Monday, February 23

Simone Rocha Fall 2026 Fashion Show Review


A Best in Show Performance

Review of Simone Rocha Fall 2026 Fashion Show

By Angela Baidoo

Simone Rocha staged a sweeping meditation on mythology, communities on the fringes, and defiant womanhood inside the faded grandeur of the Alexandra Palace Theatre. The recently restored yet purposefully timeworn space became the perfect backdrop for a collection that unfolded in three parts: mythic Celtic folklore, the domestic realities of Dublin’s Irish Traveller community, and a tribute to the radical Yeats sisters. Tied together by an unexpected collaboration with Adidas Originals.

THE COLLECTION

PROS

The upcoming collaboration with Adidas Originals continues Simone Rocha’s investment into entry-price point products that will allow for fans of the brand to next buy into her world via sportswear.  

Cons

The mix of co-ed looks carried over from last season, as the designer makes her own case to fully step into the world of menswear and show during the January and June schedules. Separating out the categories would allow her menswear offer the chance to stand on its own merit.

THE VIBE

Best in Show, Sports hybridisation, Radical Lives Re-lived

The Showstopper

Unfolding in three parts the fall 2026 show, taking place on the outskirts of London in the iconic Alexandra Palace Theatre (an abandoned space recently restored, but keeping an element of the decay from its years of being dormant), was a story of mythic Celtic lore, the domestic lives of Irish Traveller children on Dublins estates, an unexpected yet perfectly aligned partnership with Adidas Originals, and the radical Yeats sisters Elizabeth and Lily who were key figures in the Irish Arts and Crafts scene as owners of the Culia Press that boasted of an all-female workforce. 

The supernatural Celtic tale of Tir na nÔg (translated to Land of the Young) that depicts a warrior who loses his immorality manifested in the designer considering the ‘immortality of clothes.’ The opening looks were a patchworking of cosy shearlings and tweeds woven with sparkly yarns.
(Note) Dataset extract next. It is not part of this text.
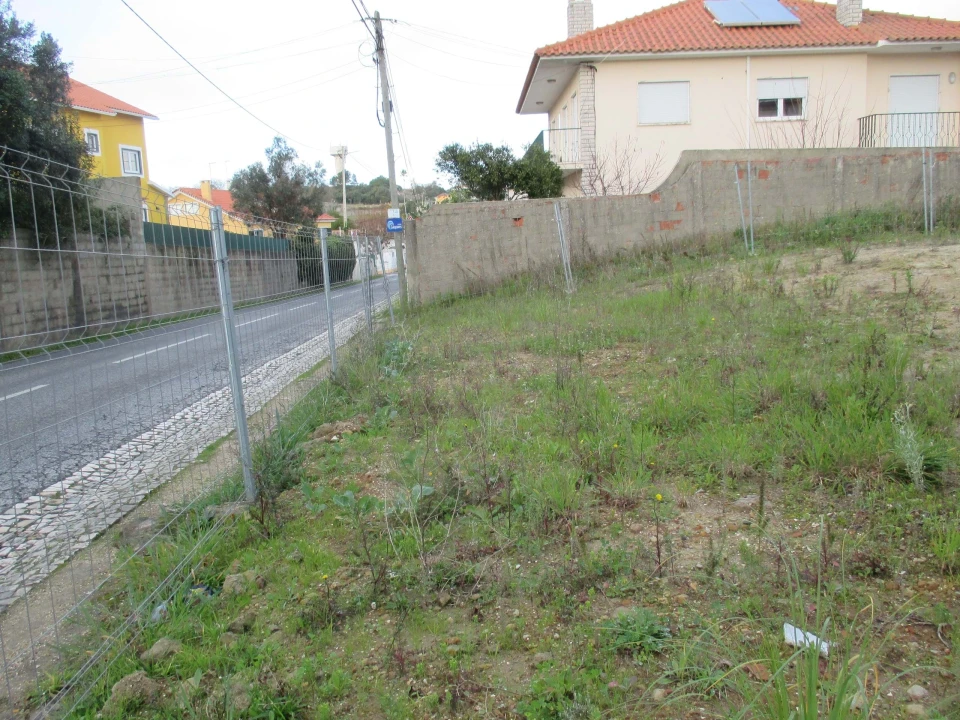 Terreno para Venda em Rio de Mouro Foto 8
Tapestries and florals were repurposed as utilitarian separates with the first part an exploration of clothes handed down across the generations. Clothes that have been both loved and lovingly lived in. 
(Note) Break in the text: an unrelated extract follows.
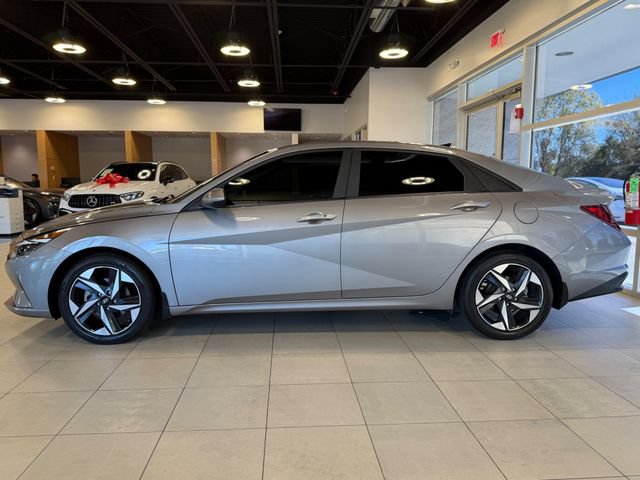 Used 2023 Hyundai Elantra SEL w/ Convenience Package FWD image 7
Part II, titled ‘Pony Kids’ took the photo-essay book by Dublin-based photographer Perry Ogden as its starting point. Merging with the announcement of the designers partnership with Adidas Originals. A hybridisation of typical sports looks paired embellished vests with volume sleeve track jackets and cut-out frilled tracksuits that make Rocha a lucrative addition to the sportswear brands roster. Especially as the romanticisation of the category has been an emerging theme over the last few years. Think of the sneakerina – a sneaker, ballet shoe mash-up – and the sold-out ruched football jerseys from Conner Ives. The rosettes that were multiplied and decorated a number of looks across the collection were also a knowing reference to the Traveller community. Renowned for their annual gatherings at Horse fairs (including the Appleby Horse Fair) where rosettes are a hard won trophy for participants. 

The ‘Weird Sisters’ of Part III concluded the show as an homage to Elizabeth and Lily Yeat’s grit and punkish support of women. Horse’s were again alluded to and the bridles and blinkers used to tame them, but the way in which they were spoken of in the notes, an assumption could be made that Rocha meant to compare it to the control of women – a common attitude of the time the sisters were born into. But as is her way, there was a subversion of these tropes, as piercings and twisted metal trims were used to create ‘Monster Ballgowns’. 
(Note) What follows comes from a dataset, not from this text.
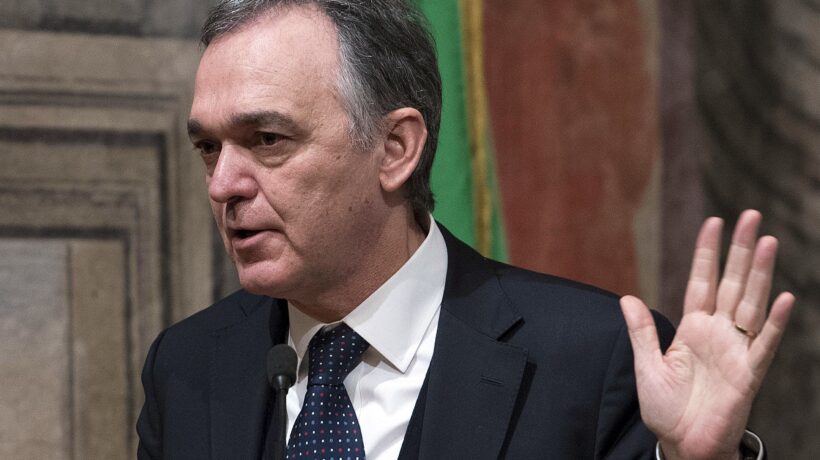 In Toscana rientrano almeno 2.500 cinesi. Nessuna quarantena per «antirazzismo»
Today, Rocha presented another in her ongoing series of tripling up on her references. But rather than spreading them out over three seasons, as she has done in the past, for fall she encompassed a trilogy of supernatural lore, literary radicals, and the documentation of a marginalised community. Managing to seamlessly weave together a cohesive collection of looks that were at once Rocha but carried a deeper meaning in the immortality of well-loved clothes (part I), mysticism (part II) and the woman unbridled (part III).

THE WRAP UP

By tripling her references within a single season rather than across several, the designer achieved a new tool for storytelling cohesiveness: clothes as heirlooms embedded with immortality, sportswear romanticised through Traveller culture, and femininity defiantly unbridled. The result was a collection unmistakably Simone Rocha – romantic, subversive, and steeped in lived experience.